Ella infatti, allorché sì strane e tali
di sua beltà le conseguenze vide
sui rozzi sensi d'alma sì villana,
se n' compiacea, né tanto alla lontana.
XL. Stende la grassa man verso l'amante
senza pensarvi, e tosto la ritira
rossa in volto, pentita e palpitante,
e poi si rassicura e poi sospira.
Gli dice alfin: – Bell'asino galante,
vana è la speme che nel cor vi gira:
è una chimera: pregovi d'avere
rispetto alla mia gloria e al mio dovere.
XLI. Troppo, oh troppo distanti son tra loro
le nostre specie; né approvar poss'io
codesta vostra tenerezza in foro
conscientiae. Adunque fate punto: addio. –
– L'amore eguaglia tutto, o mio tesoro,
l'asino replicò: forse in oblio
ponete il cigno a cui Leda fa festa
senza punto cessar d'essere onesta?
XLII. E di Minosse conoscete voi
la moglie? Anch'ella d'un bel toro ardea,
e pospose di Creta i primi eroi
a un amator che quattro piedi avea.
Ganimede, il più bel de' tempi suoi,
d'un aquilon fu moglie. E che facea
quella Filira madre di Chirone?
Concedea le sue grazie a uno stallone. –
XLIII. Seguìa parlando, e il diavol, che primiero
la favola inventò, gli suggerìa
esempi così forti, che il somiero
uno de' più gran dotti comparìa.
Mentre parla con tanto magistero,
il gran Bastardo, che vicin dormìa,
si sveglia, e stupefatto ascolta quella
stringente eloquentissima favella.
XLIV. Conoscer brama l'orator rivale,
entra improvviso, ed (oh portento!) vede
dei lunghi orecchi il portator brutale;
lo guarda, e il fissa, e a gli occhi suoi non crede.

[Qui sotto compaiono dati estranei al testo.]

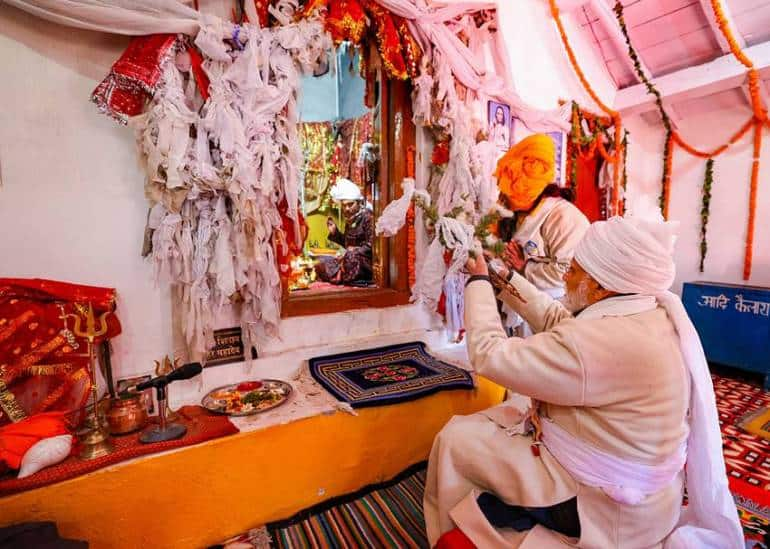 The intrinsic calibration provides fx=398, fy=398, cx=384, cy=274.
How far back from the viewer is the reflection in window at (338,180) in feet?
10.3

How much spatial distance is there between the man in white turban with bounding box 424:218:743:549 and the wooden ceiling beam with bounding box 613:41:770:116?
3.80m

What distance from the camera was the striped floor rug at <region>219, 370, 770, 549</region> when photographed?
1775 mm

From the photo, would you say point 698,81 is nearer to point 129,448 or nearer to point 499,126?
point 499,126

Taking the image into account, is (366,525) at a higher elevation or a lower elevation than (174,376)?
lower

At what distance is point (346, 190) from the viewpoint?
13.0 ft

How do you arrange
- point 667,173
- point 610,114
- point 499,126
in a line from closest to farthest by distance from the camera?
point 499,126, point 610,114, point 667,173

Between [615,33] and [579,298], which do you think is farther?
[615,33]

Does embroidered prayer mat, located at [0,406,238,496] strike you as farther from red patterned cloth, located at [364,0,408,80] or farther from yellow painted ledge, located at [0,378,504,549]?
red patterned cloth, located at [364,0,408,80]

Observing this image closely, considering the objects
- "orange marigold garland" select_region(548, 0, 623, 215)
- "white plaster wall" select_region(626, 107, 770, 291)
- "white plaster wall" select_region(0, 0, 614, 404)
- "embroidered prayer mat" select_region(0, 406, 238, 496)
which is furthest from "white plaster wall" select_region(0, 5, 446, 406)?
"white plaster wall" select_region(626, 107, 770, 291)

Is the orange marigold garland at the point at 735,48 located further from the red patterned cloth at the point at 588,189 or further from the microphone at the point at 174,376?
the microphone at the point at 174,376

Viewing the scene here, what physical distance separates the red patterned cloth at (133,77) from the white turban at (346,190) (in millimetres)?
2213

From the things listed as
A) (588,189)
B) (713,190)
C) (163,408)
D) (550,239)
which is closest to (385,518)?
(163,408)

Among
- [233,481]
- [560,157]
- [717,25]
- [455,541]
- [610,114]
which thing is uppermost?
[717,25]

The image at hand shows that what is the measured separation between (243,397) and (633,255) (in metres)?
1.86
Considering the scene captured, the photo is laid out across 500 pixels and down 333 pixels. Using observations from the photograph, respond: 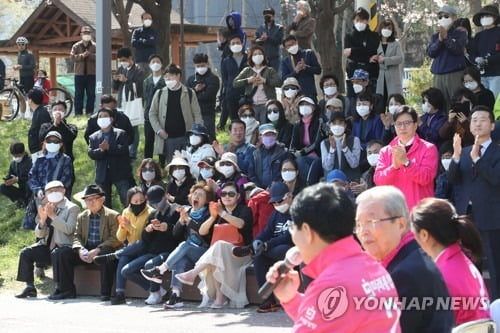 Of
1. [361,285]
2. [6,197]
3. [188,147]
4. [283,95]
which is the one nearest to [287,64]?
[283,95]

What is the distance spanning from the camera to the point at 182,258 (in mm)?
11797

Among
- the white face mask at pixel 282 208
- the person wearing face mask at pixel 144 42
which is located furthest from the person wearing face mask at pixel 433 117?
the person wearing face mask at pixel 144 42

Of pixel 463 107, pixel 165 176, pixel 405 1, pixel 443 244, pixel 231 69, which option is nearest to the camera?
pixel 443 244

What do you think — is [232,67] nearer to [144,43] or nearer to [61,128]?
[144,43]

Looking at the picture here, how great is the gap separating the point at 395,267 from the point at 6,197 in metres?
13.2

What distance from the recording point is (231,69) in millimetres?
16688

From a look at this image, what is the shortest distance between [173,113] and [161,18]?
7417mm

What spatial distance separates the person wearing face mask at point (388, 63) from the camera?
14.9 meters

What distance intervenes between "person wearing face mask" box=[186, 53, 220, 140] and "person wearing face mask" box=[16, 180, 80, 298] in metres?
3.44

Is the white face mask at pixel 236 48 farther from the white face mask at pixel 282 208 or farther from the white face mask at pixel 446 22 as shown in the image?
the white face mask at pixel 282 208

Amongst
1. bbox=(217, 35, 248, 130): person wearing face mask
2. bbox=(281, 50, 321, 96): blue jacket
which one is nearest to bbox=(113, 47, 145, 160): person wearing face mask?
bbox=(217, 35, 248, 130): person wearing face mask

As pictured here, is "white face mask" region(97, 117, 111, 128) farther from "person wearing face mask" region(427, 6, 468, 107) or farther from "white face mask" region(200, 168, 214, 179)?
"person wearing face mask" region(427, 6, 468, 107)

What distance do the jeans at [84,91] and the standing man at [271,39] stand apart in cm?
508

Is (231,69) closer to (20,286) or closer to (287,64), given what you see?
(287,64) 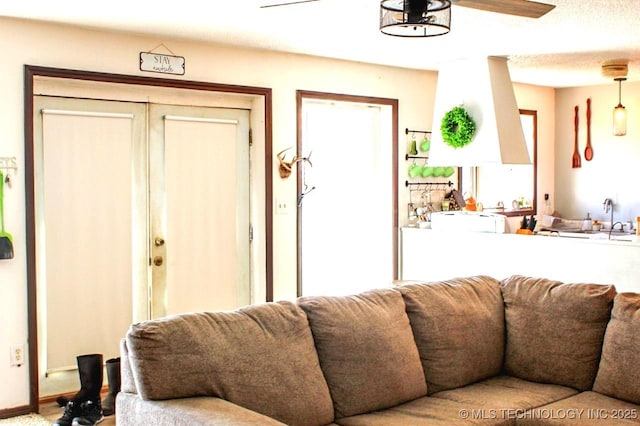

Si confuse Giovanna, e restò quale
Venere allor che nella rete diede
del cornuto Vulcan, che tutta nuda
sotto Marte agli dèi mostrò la druda.
XLV. Ma Giovanna non cade, ché nascosto
la soccorre Dionigi, e al gran peccato
l'involò, la sostenne, sì che tosto
tornò in sé stessa col pensier sdegnato.
Tal da sonno talor còlto al suo posto
svegliasi al primo allarme un buon soldato,
frega gli occhi, in pie' salta, armasi in fretta,
e sul nemico con gran cor si getta.
XLVI. Di Dèbora alla lancia, a cui non puote
regger forza infernal, stesa la mano,
nell'asino il demonio ella percuote.
Dunoè lo randella, e non fa piano.
Raglia il percosso, e alle tremende note
trema Nante e Blois, trema Orleano;
e sul medesmo tuono arditi e chiari
del Poitù rispondono i somari.
XLVII. Satana fugge, ma di sé vendetta,
e degl'Inglesi, in cor volge e travasa.
Vola dentro Orlean come saetta,
e dritto va del Presidente in casa.
Ivi in corpo alla moglie il rio si getta,
certo di governar quell'alma invasa.
Questo è antico possesso: ei già sapea
l'occulto mal che inferma la tenea.
XLVIII. Sa ch'arde per Talbò di fiamma impura:
quindi il Serpe vecchion segretamente
la dirige, l'incende, e s'assecura
ch'ella potrà dar tutto, e mano e mente,
a introdur d'Orleano entro le mura
l'adorato Talbò con la sua gente.
Facendo per gl'Inglesi, a cui s'è stretto,
sa che fa per sé stesso il maledetto!
Pietro Enrico Larcher, che soltanto nella Pulcella il Voltaire chiama Larchet, nato a Digione nel 1726, morto a Parigi nel 1812, coltivò le discipline storiche e filosofiche. Instigato da alcuni preti del collegio Mazarino (dov'egli pure insegnava), diede alle stampe, col titolo di Supplemento alla filosofia della storia, uno scritto in confutazione della Filosofia della storia del Voltaire; il quale gli rispose con l'opuscolo intitolato la Difesa di mio zio, che fa parte delle Miscellanee storiche.
Il Bernard, autore dell'opera Castore e Polluce, e di alcune poesie leggère, scrisse, come Ovidio, un'Arte d'amare.